WHAT YOU ARE ASKED TO DO :: Only one span of the material below is wanted. Output it exactly, from the line with "Summer Short Hair, Mocha" through the line with "90s Paisley Print", without any pictures.

INPUT ::

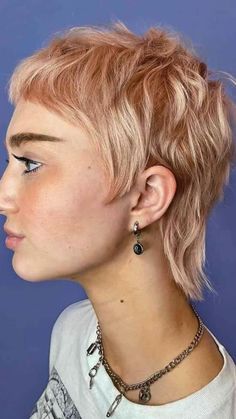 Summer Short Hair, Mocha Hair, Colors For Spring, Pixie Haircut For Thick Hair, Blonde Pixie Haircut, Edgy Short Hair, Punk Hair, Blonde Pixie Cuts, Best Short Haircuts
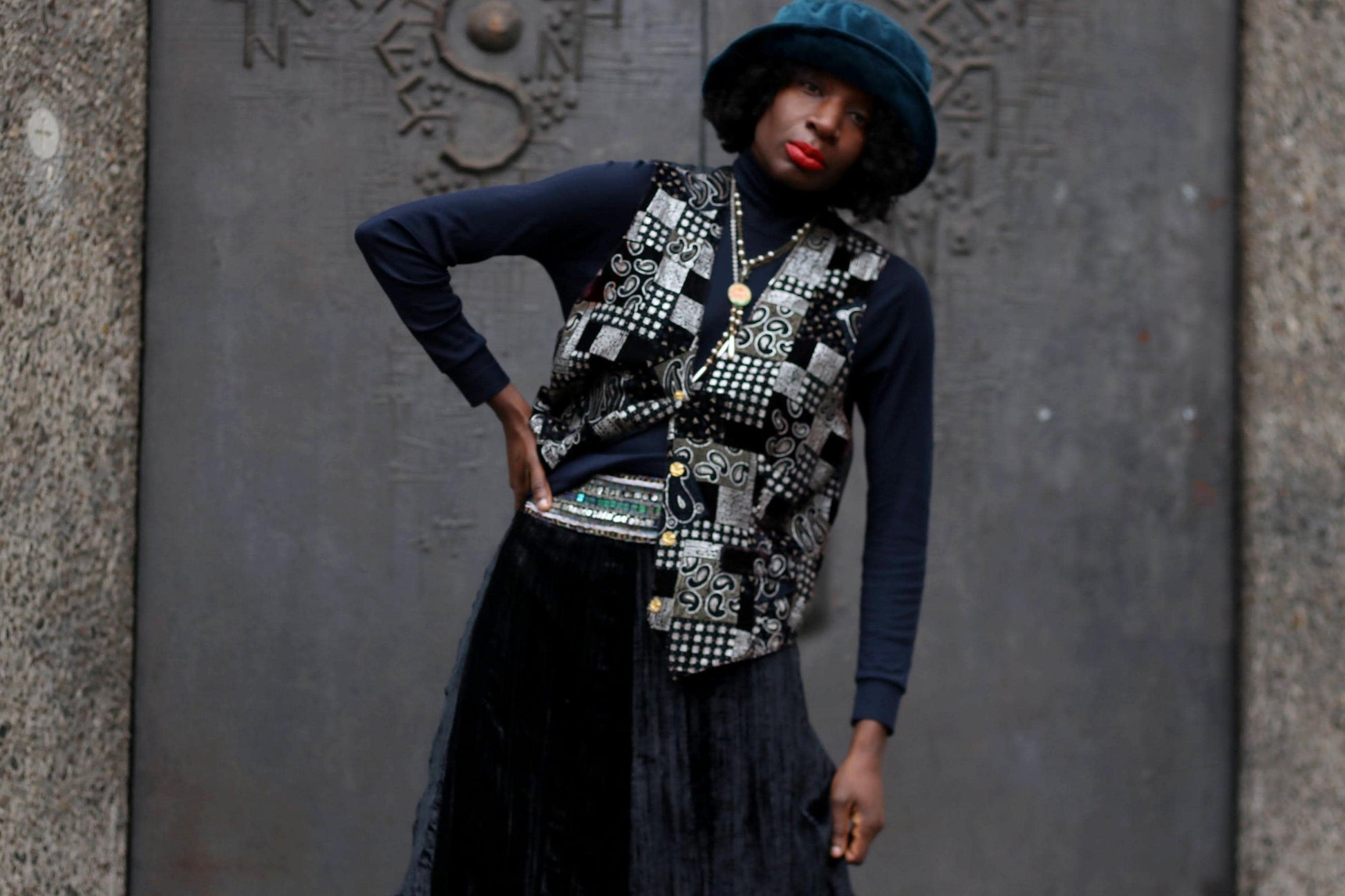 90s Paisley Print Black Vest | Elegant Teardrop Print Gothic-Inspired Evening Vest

--

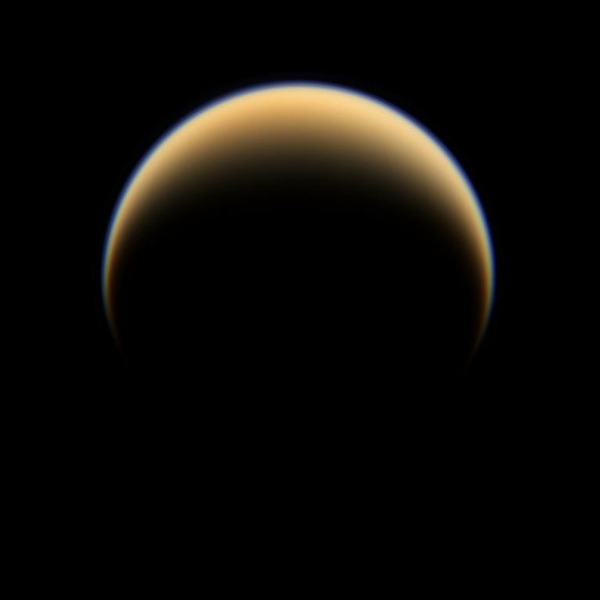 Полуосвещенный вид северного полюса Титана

--

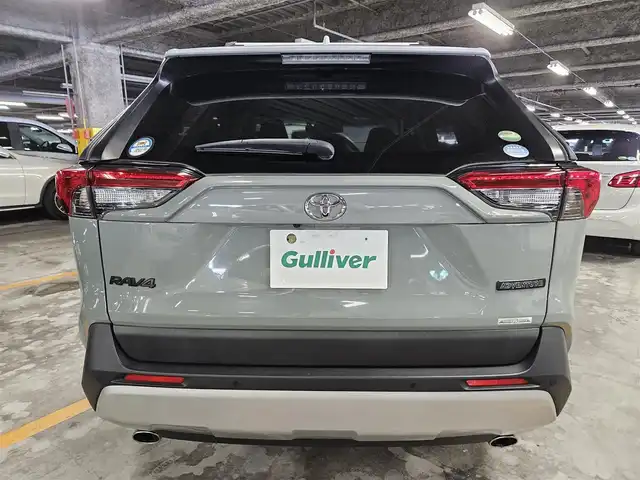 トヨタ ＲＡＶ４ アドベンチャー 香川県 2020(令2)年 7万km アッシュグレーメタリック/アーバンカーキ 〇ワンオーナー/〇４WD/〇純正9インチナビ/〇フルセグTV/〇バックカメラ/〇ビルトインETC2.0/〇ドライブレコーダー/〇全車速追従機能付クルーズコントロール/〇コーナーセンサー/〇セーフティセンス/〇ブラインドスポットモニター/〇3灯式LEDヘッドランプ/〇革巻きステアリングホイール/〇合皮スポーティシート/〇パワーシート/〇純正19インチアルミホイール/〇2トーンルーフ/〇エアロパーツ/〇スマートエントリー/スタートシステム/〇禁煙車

SOLUTION FOR THIS PROBLEM ::
 Summer Short Hair, Mocha Hair, Colors For Spring, Pixie Haircut For Thick Hair, Blonde Pixie Haircut, Edgy Short Hair, Punk Hair, Blonde Pixie Cuts, Best Short Haircuts
 90s Paisley Print Black Vest | Elegant Teardrop Print Gothic-Inspired Evening Vest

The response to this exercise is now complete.